Le ruban vert de Miss Crawford

Tout le monde connaît au moins le titre de ce film légendaire qui, pour la première fois, a osé placer le visage et le corps d’une femme, le flingue à la main, dans un western dont le genre est réputé machiste. Rien que pour ça – et pour tant d’autres raisons encore – comme le beau visage inoubliable de Joan Crawford, il était urgent et nécessaire de consacrer un livre à ce phare et c’est chose faite. C’est Piero Spila, ancien directeur de Cinecritica, célèbre revue de cinéma italienne, qui tient la plume et il n’en est pas à son coup d’essai puisqu’il a aussi enseigné le cinéma à l’université, dirigé de nombreux ouvrages sur le cinéma et écrit des textes remarqués sur L’Aurore et sur Le Guépard.
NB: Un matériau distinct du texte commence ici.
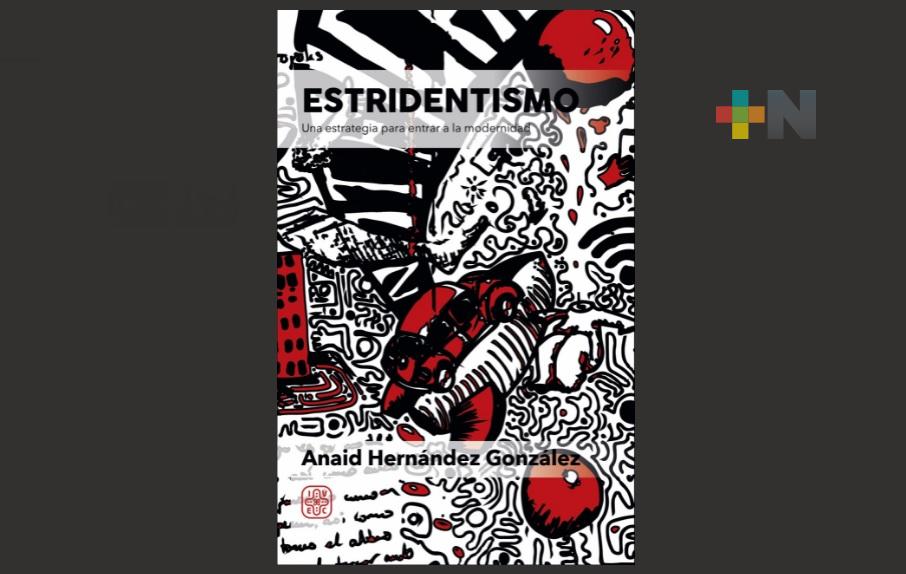 Presenta IVEC edición digital de Estridentismo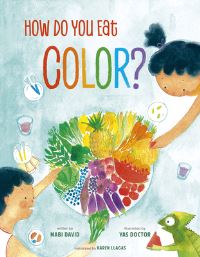 Book Cover for How Do You Eat Color? by Mabi David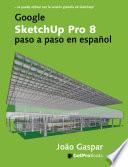 Libro Google SketchUp Pro 8 paso a paso en español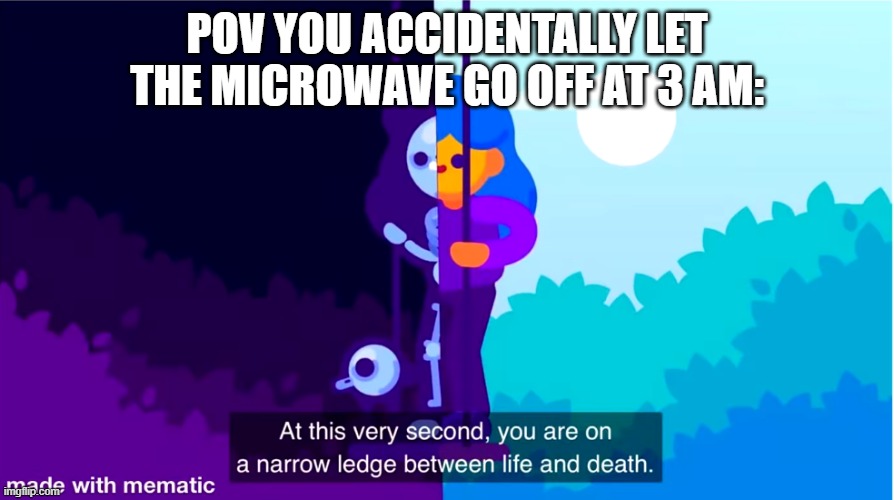 Why are they so loud??? | POV YOU ACCIDENTALLY LET THE MICROWAVE GO OFF AT 3 AM: | image tagged in life and death | made w/ Imgflip meme maker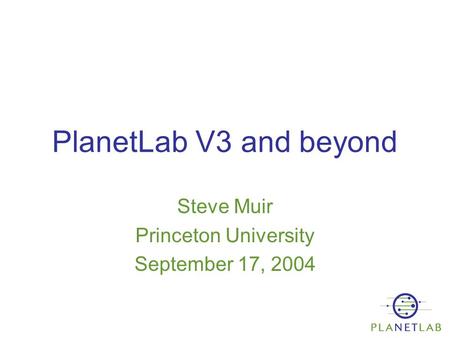 PlanetLab V3 and beyond Steve Muir Princeton University September 17, 2004.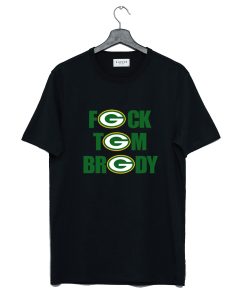 Tom brady Fuck T Shirt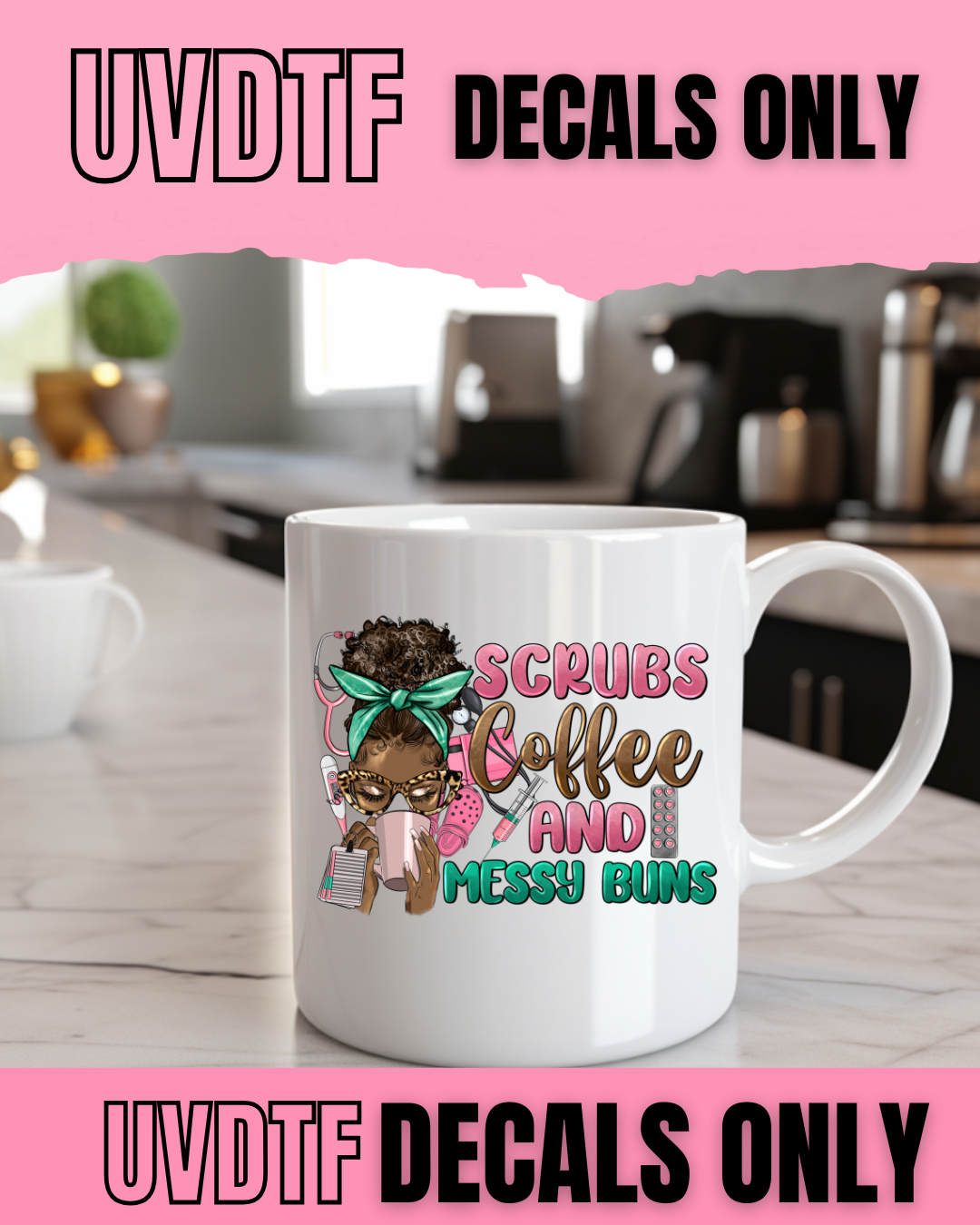 Scrubs, Coffee & Messy Buns UVDTF Decal Pack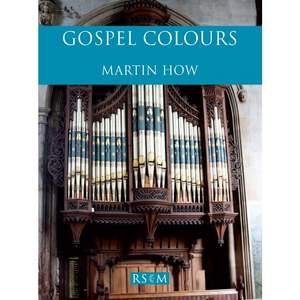 How, Martin: Gospel Colours Volume One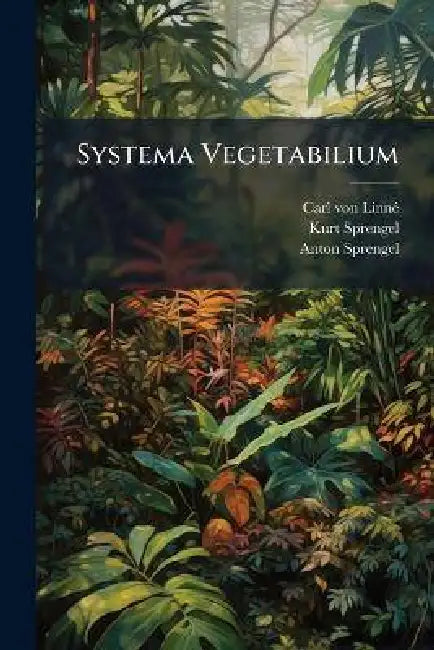 Systema Vegetabilium by Carl Von Linnã(c), Kurt Sprengel, Anton Sprengel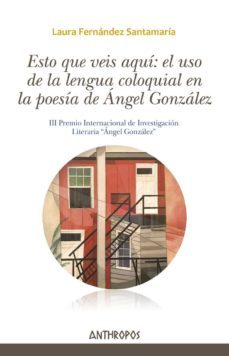 esto que veis aqui: el uso de la lengua coloquial en la poesia de angel gonzalez-laura fernandez santamaria-9788417556044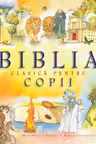 Biblia clasica pentru copii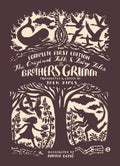 The Original Folk and Fairy Tales of the Brothers Grimm: The Complete First Edition by Jacob Grimm, Wilhelm Grimm, Andrea Dezsö, Jack Zipes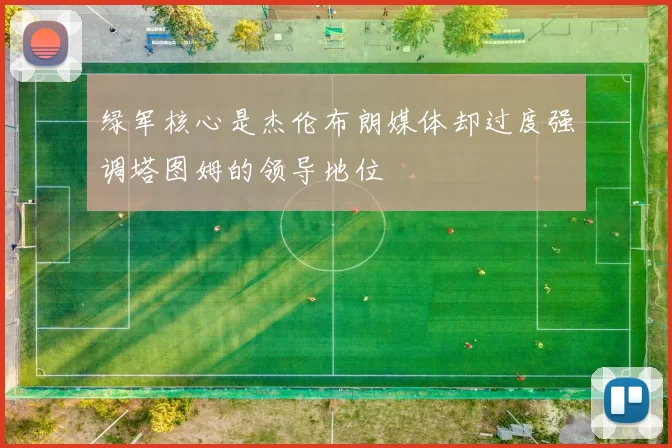 绿军核心是杰伦布朗媒体却过度强调塔图姆的领导地位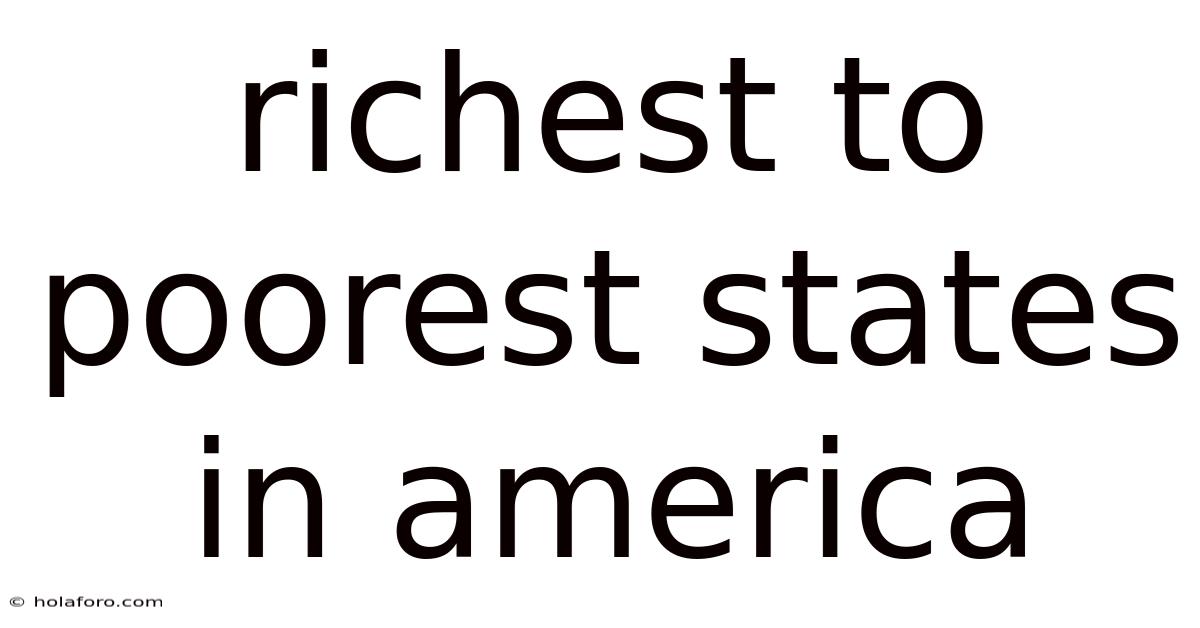 Richest To Poorest States In America
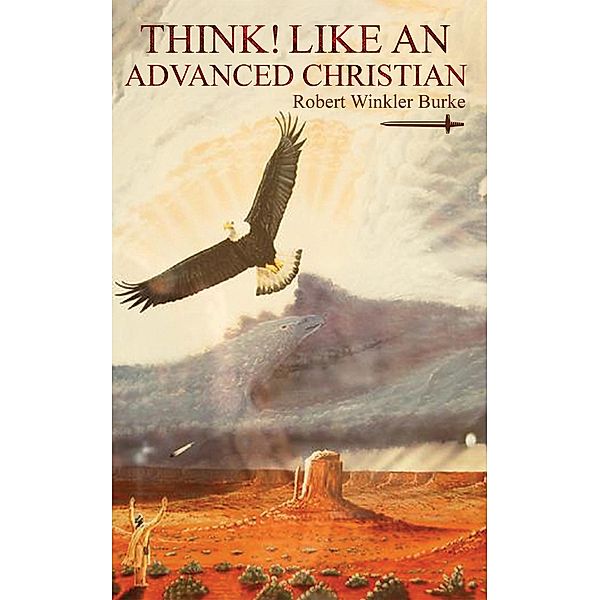 Think! Like an Advanced Christian / Austin Macauley Publishers, Robert Winkler Burke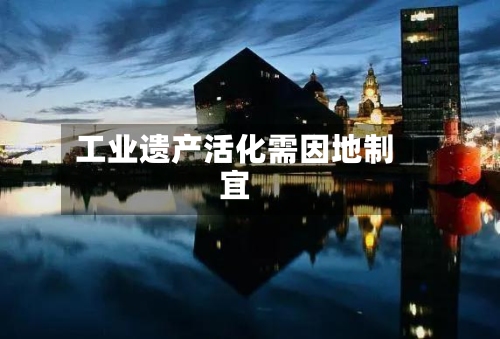 工业遗产活化需因地制宜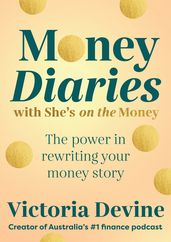Money Diaries with She s on the Money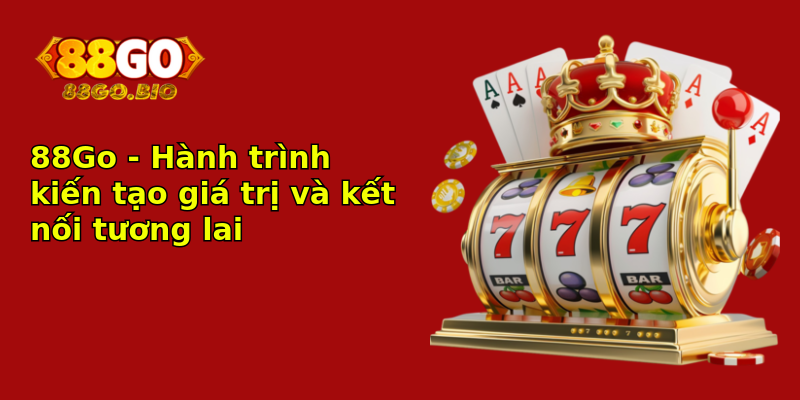 88Go - Hành trình kiến tạo giá trị và kết nối tương lai 88Go - Hành trình kiến tạo giá trị và kết nối tương lai
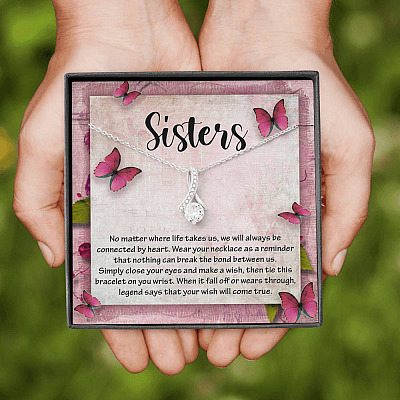 Sisters No Matter Where Life Takes Us We Will Always Be Connected by Heart Alluring Beauty Necklace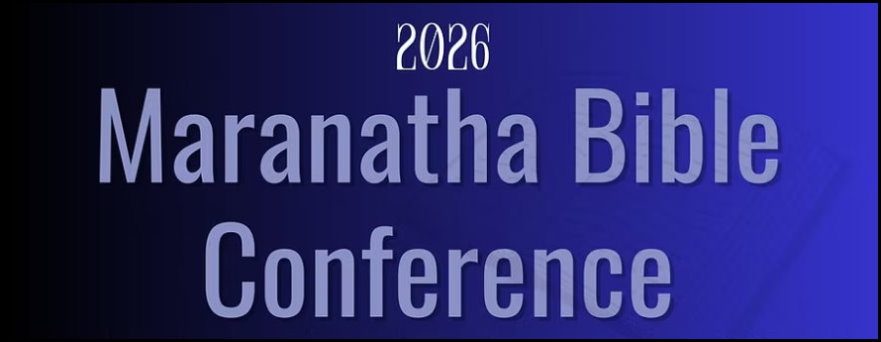 The 4th Annual Maranatha Bible Conference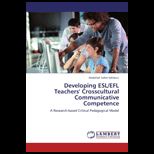 Developing ESL/EFL Teachers Crosscultural Communicative Competence
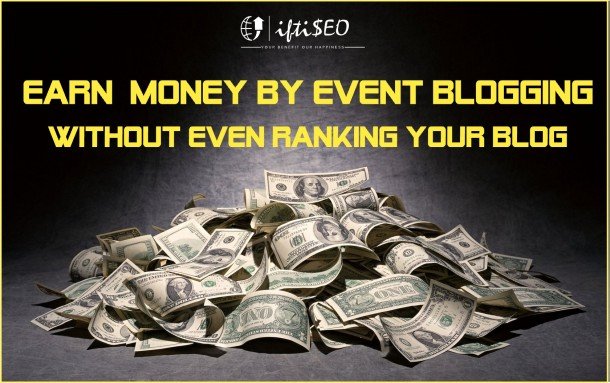 Earn-money-by-events-without-ranking-610x383.jpg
Film préféré du professeur Henri Agel qui avait consacré à Johnny Guitare sa conférence d’adieu à la Cinémathèque française lorsqu’elle était encore située près du Trocadéro, on peut dire que ce chef-d’œuvre aura aussi marqué bon nombre de cinéastes, et non des moindres !, comme François Truffaut, Wim Wenders, Pedro Almodovar et même Martin Scorsese, excusez du peu !

Vienna dans la tourmente

Johnny Guitare n’est pas encore un vieux papy de plus de 70 ans, il est encore vert comme film puisqu’il peut encore parler à toutes les générations de l’intolérance, de l’oppression, de la démocratie, de tous ces concepts dont notre société contemporaine, qui n’en a qu’une vague connaissance, nous rebat les oreilles. Le film de Nicholas Ray rend ces concepts accessibles et toujours d’actualité. Un vrai western qui passionnera les étudiants en cinéma et les spectateurs lambda, mais aussi le film que tout réalisateur aurait aimé imaginer. Un western mystérieux et extravagant, mais aussi libérateur, anarchique, voué à l’utopie, marqué par les poisons du contexte politique d’alors qui avait vu naître la Guerre froide et le maccarthysme. Mieux qu’un western traditionnel, Johnny Guitare bouleverse le genre et met en lumière le personnage de Vienna auquel la célèbre et sulfureuse Joan Crawford donne toute sa lumière et semble vouloir ouvrir la voie au féminisme. « Johnny Guitare est un western qui n’a pas grand-chose à voir avec les règles du genre mais qui renferme la flamme très vive de la magie du cinéma », comme le dit si joliment Piero Spila.

Piero Spila. Johnny Guitare de Nicholas Ray. Gremese éditions, coll. Les meilleurs films de notre vie. Rome, 2024, 130 pages, ill. 21 euros.